● Exercise description
Print the data exactly as it is given, please.

START Available records

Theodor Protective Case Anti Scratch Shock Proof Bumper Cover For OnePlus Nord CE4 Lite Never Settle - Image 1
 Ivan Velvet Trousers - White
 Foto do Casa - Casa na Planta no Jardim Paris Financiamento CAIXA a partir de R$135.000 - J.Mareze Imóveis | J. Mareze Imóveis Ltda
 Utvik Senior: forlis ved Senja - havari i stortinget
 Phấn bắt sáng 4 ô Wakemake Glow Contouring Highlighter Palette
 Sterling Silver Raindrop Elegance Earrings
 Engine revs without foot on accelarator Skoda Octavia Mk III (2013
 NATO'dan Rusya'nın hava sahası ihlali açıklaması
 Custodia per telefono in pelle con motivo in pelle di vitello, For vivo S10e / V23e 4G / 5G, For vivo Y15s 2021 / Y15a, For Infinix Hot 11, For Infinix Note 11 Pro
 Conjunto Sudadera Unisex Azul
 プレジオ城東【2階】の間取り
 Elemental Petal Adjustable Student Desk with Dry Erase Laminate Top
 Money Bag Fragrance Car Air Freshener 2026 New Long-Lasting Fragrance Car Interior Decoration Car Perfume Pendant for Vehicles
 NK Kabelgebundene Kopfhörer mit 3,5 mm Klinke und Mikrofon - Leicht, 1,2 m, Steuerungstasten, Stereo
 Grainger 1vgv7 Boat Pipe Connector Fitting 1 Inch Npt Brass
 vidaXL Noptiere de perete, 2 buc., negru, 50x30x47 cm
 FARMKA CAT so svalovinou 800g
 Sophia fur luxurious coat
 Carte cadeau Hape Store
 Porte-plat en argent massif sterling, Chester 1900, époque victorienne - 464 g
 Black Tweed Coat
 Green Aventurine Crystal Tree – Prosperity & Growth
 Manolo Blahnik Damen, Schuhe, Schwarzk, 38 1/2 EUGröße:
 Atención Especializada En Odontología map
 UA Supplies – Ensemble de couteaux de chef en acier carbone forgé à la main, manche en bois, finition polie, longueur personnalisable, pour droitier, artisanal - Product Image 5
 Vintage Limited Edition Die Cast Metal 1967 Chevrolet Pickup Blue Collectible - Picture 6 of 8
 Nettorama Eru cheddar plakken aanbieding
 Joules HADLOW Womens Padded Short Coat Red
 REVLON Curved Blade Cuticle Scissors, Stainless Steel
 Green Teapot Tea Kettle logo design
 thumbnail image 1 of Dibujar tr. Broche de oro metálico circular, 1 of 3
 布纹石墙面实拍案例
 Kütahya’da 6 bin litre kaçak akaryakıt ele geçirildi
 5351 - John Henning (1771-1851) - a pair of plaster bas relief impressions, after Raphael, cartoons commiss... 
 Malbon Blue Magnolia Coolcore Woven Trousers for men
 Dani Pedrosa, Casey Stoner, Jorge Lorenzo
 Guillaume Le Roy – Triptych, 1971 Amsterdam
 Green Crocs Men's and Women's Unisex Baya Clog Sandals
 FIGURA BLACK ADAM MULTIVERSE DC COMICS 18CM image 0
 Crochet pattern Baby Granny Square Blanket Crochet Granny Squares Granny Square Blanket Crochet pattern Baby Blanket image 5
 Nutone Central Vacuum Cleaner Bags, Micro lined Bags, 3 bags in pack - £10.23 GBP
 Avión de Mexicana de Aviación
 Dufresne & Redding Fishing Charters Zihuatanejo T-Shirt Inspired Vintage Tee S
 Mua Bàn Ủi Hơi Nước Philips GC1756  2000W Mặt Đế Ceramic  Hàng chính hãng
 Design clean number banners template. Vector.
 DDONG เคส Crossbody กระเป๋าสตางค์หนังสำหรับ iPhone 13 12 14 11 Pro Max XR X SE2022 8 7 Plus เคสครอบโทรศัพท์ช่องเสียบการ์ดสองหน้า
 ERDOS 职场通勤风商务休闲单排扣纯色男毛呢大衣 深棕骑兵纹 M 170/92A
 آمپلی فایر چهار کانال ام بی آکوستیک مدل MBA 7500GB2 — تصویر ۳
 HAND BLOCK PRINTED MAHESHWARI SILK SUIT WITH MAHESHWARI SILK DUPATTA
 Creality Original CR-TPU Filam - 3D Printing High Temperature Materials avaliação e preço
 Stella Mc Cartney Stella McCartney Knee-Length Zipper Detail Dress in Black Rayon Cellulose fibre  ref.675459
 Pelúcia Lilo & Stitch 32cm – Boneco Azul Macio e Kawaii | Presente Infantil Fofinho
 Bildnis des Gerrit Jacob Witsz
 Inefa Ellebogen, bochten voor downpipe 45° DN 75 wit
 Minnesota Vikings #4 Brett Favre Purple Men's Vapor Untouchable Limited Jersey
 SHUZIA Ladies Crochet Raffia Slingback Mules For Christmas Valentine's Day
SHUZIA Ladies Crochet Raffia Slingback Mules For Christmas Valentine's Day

END Available records

● Solution
Theodor Protective Case Anti Scratch Shock Proof Bumper Cover For OnePlus Nord CE4 Lite Never Settle - Image 1
 Ivan Velvet Trousers - White
 Foto do Casa - Casa na Planta no Jardim Paris Financiamento CAIXA a partir de R$135.000 - J.Mareze Imóveis | J. Mareze Imóveis Ltda
 Utvik Senior: forlis ved Senja - havari i stortinget
 Phấn bắt sáng 4 ô Wakemake Glow Contouring Highlighter Palette
 Sterling Silver Raindrop Elegance Earrings
 Engine revs without foot on accelarator Skoda Octavia Mk III (2013
 NATO'dan Rusya'nın hava sahası ihlali açıklaması
 Custodia per telefono in pelle con motivo in pelle di vitello, For vivo S10e / V23e 4G / 5G, For vivo Y15s 2021 / Y15a, For Infinix Hot 11, For Infinix Note 11 Pro
 Conjunto Sudadera Unisex Azul
 プレジオ城東【2階】の間取り
 Elemental Petal Adjustable Student Desk with Dry Erase Laminate Top
 Money Bag Fragrance Car Air Freshener 2026 New Long-Lasting Fragrance Car Interior Decoration Car Perfume Pendant for Vehicles
 NK Kabelgebundene Kopfhörer mit 3,5 mm Klinke und Mikrofon - Leicht, 1,2 m, Steuerungstasten, Stereo
 Grainger 1vgv7 Boat Pipe Connector Fitting 1 Inch Npt Brass
 vidaXL Noptiere de perete, 2 buc., negru, 50x30x47 cm
 FARMKA CAT so svalovinou 800g
 Sophia fur luxurious coat
 Carte cadeau Hape Store
 Porte-plat en argent massif sterling, Chester 1900, époque victorienne - 464 g
 Black Tweed Coat
 Green Aventurine Crystal Tree – Prosperity & Growth
 Manolo Blahnik Damen, Schuhe, Schwarzk, 38 1/2 EUGröße:
 Atención Especializada En Odontología map
 UA Supplies – Ensemble de couteaux de chef en acier carbone forgé à la main, manche en bois, finition polie, longueur personnalisable, pour droitier, artisanal - Product Image 5
 Vintage Limited Edition Die Cast Metal 1967 Chevrolet Pickup Blue Collectible - Picture 6 of 8
 Nettorama Eru cheddar plakken aanbieding
 Joules HADLOW Womens Padded Short Coat Red
 REVLON Curved Blade Cuticle Scissors, Stainless Steel
 Green Teapot Tea Kettle logo design
 thumbnail image 1 of Dibujar tr. Broche de oro metálico circular, 1 of 3
 布纹石墙面实拍案例
 Kütahya’da 6 bin litre kaçak akaryakıt ele geçirildi
 5351 - John Henning (1771-1851) - a pair of plaster bas relief impressions, after Raphael, cartoons commiss... 
 Malbon Blue Magnolia Coolcore Woven Trousers for men
 Dani Pedrosa, Casey Stoner, Jorge Lorenzo
 Guillaume Le Roy – Triptych, 1971 Amsterdam
 Green Crocs Men's and Women's Unisex Baya Clog Sandals
 FIGURA BLACK ADAM MULTIVERSE DC COMICS 18CM image 0
 Crochet pattern Baby Granny Square Blanket Crochet Granny Squares Granny Square Blanket Crochet pattern Baby Blanket image 5
 Nutone Central Vacuum Cleaner Bags, Micro lined Bags, 3 bags in pack - £10.23 GBP
 Avión de Mexicana de Aviación
 Dufresne & Redding Fishing Charters Zihuatanejo T-Shirt Inspired Vintage Tee S
 Mua Bàn Ủi Hơi Nước Philips GC1756  2000W Mặt Đế Ceramic  Hàng chính hãng
 Design clean number banners template. Vector.
 DDONG เคส Crossbody กระเป๋าสตางค์หนังสำหรับ iPhone 13 12 14 11 Pro Max XR X SE2022 8 7 Plus เคสครอบโทรศัพท์ช่องเสียบการ์ดสองหน้า
 ERDOS 职场通勤风商务休闲单排扣纯色男毛呢大衣 深棕骑兵纹 M 170/92A
 آمپلی فایر چهار کانال ام بی آکوستیک مدل MBA 7500GB2 — تصویر ۳
 HAND BLOCK PRINTED MAHESHWARI SILK SUIT WITH MAHESHWARI SILK DUPATTA
 Creality Original CR-TPU Filam - 3D Printing High Temperature Materials avaliação e preço
 Stella Mc Cartney Stella McCartney Knee-Length Zipper Detail Dress in Black Rayon Cellulose fibre  ref.675459
 Pelúcia Lilo & Stitch 32cm – Boneco Azul Macio e Kawaii | Presente Infantil Fofinho
 Bildnis des Gerrit Jacob Witsz
 Inefa Ellebogen, bochten voor downpipe 45° DN 75 wit
 Minnesota Vikings #4 Brett Favre Purple Men's Vapor Untouchable Limited Jersey
 SHUZIA Ladies Crochet Raffia Slingback Mules For Christmas Valentine's Day
SHUZIA Ladies Crochet Raffia Slingback Mules For Christmas Valentine's Day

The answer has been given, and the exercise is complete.